→ **WHAT TO WORK ON**: Retype the following data exactly, but leave its pictures out.

→ **INPUT MATERIAL**:
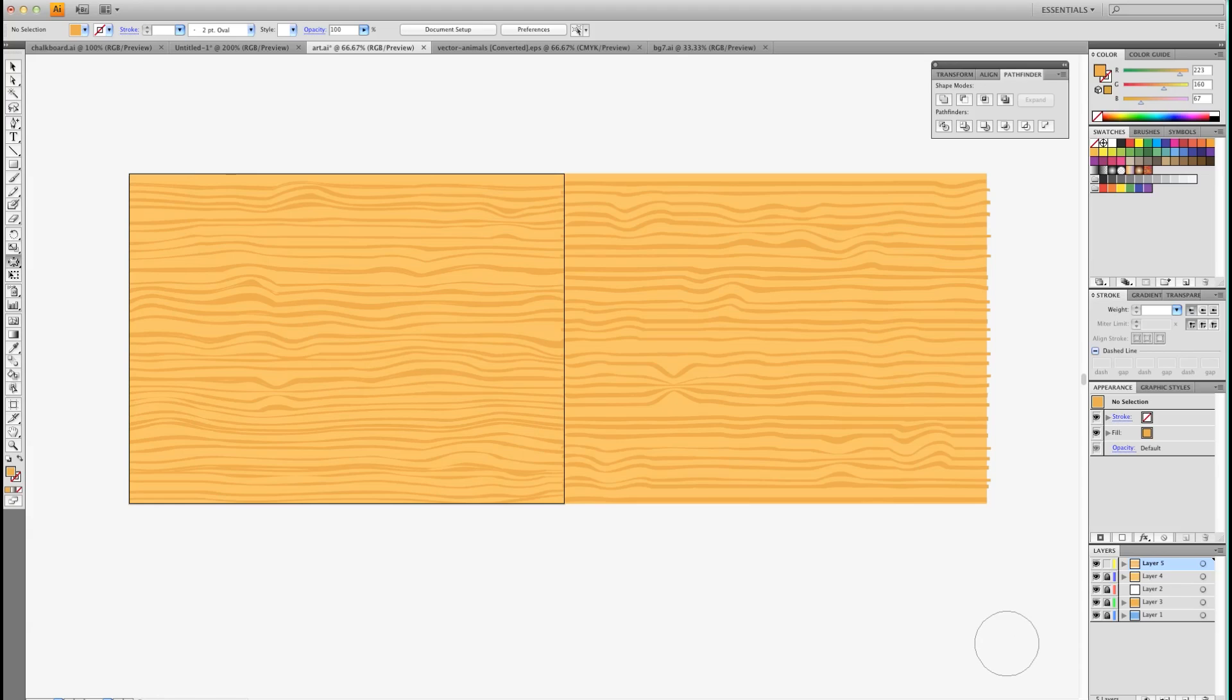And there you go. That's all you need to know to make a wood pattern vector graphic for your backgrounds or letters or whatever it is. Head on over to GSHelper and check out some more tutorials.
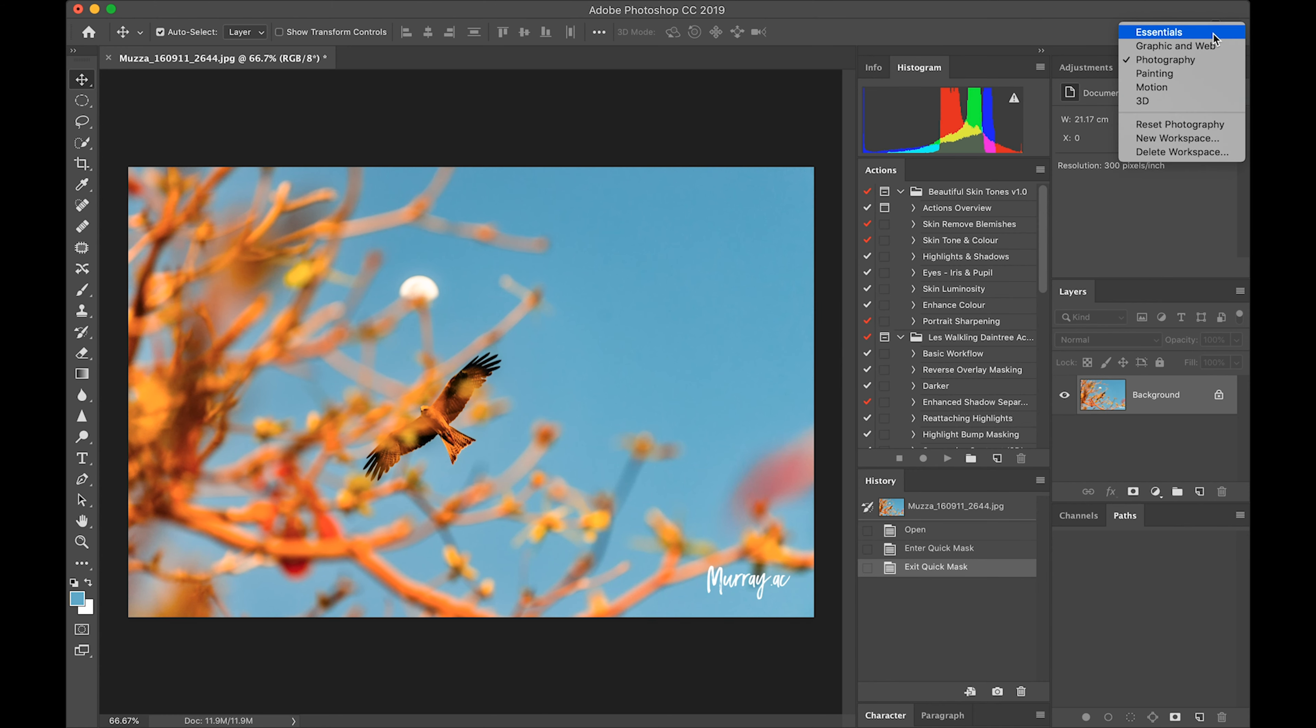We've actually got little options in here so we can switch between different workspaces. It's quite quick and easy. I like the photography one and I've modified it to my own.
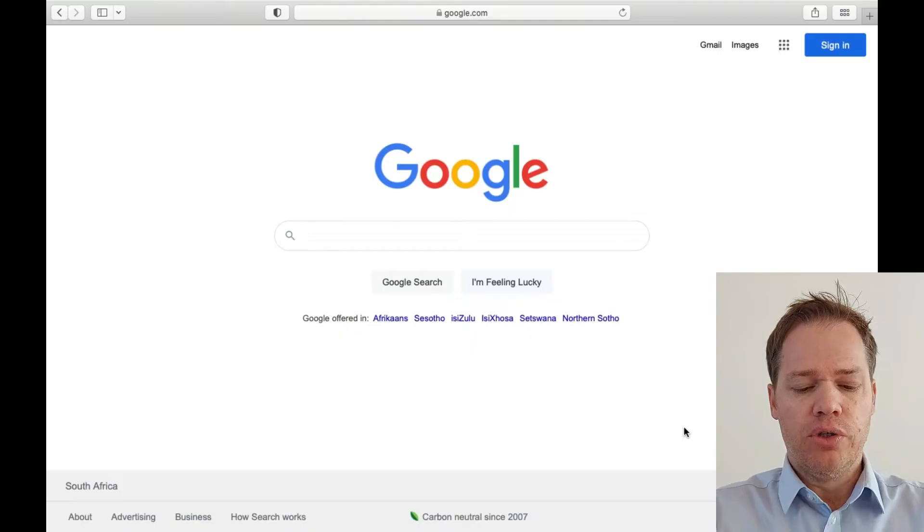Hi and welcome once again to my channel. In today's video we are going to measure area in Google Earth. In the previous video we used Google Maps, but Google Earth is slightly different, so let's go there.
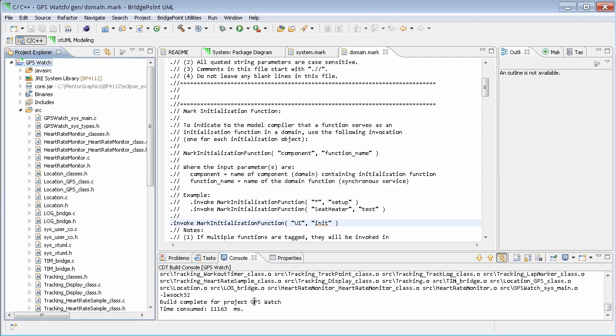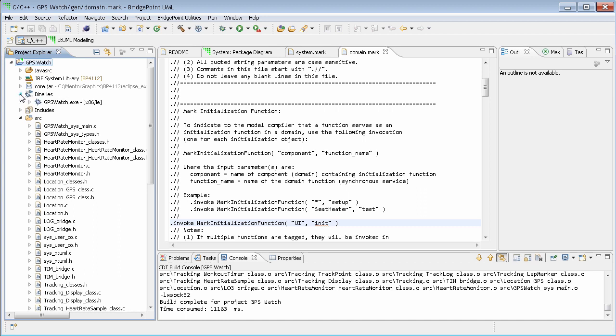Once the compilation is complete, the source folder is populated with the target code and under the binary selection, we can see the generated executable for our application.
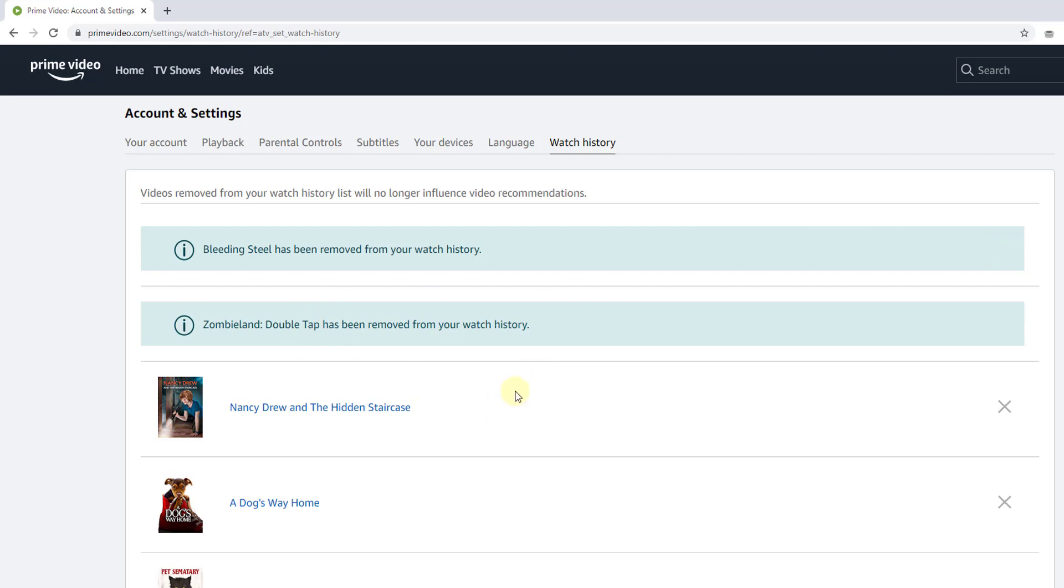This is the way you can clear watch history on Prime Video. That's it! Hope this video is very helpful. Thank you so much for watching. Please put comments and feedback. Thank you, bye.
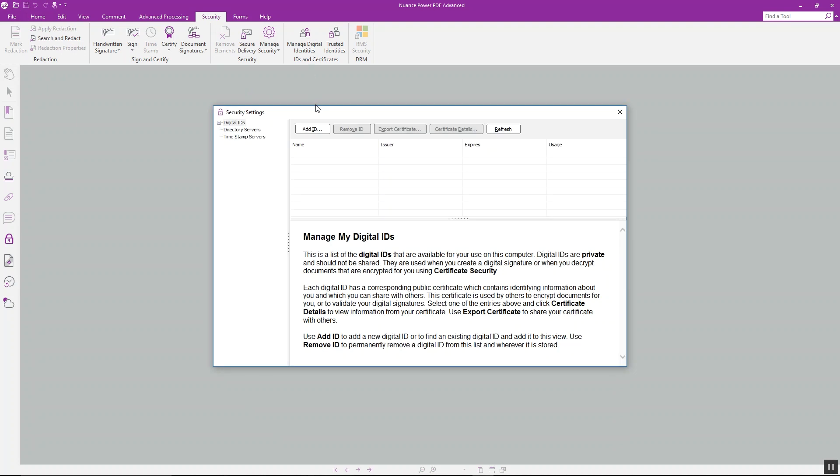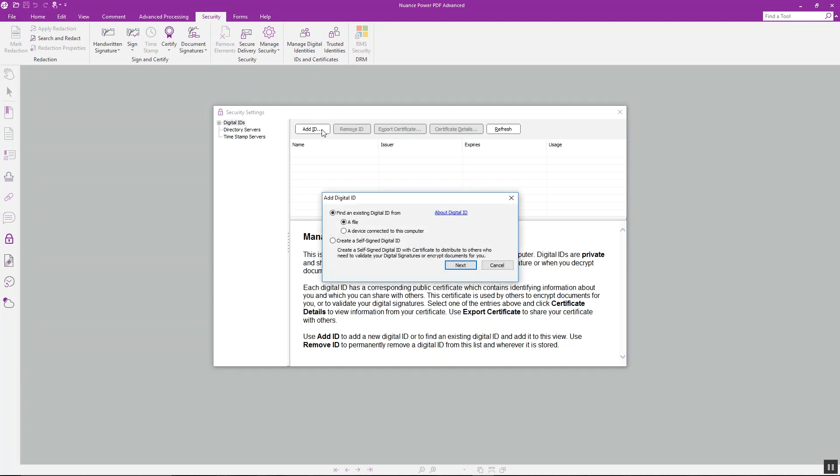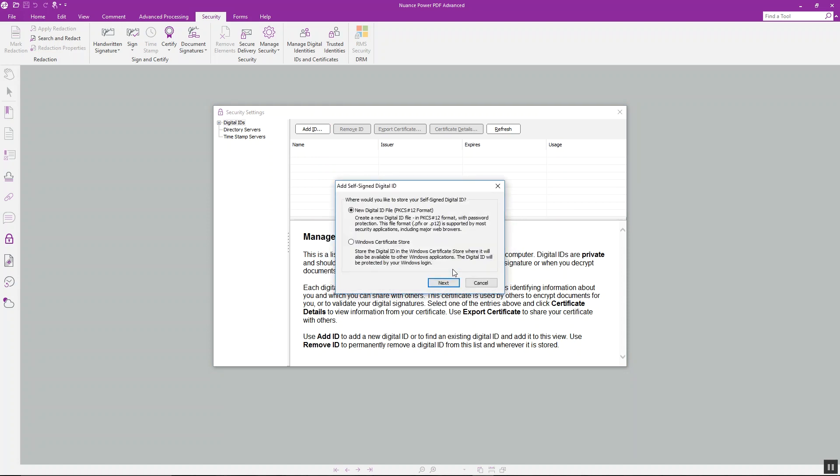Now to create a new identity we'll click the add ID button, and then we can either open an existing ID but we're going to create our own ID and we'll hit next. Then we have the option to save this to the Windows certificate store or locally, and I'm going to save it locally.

→ **RESULT BELOW**:
And there you go. That's all you need to know to make a wood pattern vector graphic for your backgrounds or letters or whatever it is. Head on over to GSHelper and check out some more tutorials.
We've actually got little options in here so we can switch between different workspaces. It's quite quick and easy. I like the photography one and I've modified it to my own.
Hi and welcome once again to my channel. In today's video we are going to measure area in Google Earth. In the previous video we used Google Maps, but Google Earth is slightly different, so let's go there.
Once the compilation is complete, the source folder is populated with the target code and under the binary selection, we can see the generated executable for our application.
This is the way you can clear watch history on Prime Video. That's it! Hope this video is very helpful. Thank you so much for watching. Please put comments and feedback. Thank you, bye.
Now to create a new identity we'll click the add ID button, and then we can either open an existing ID but we're going to create our own ID and we'll hit next. Then we have the option to save this to the Windows certificate store or locally, and I'm going to save it locally.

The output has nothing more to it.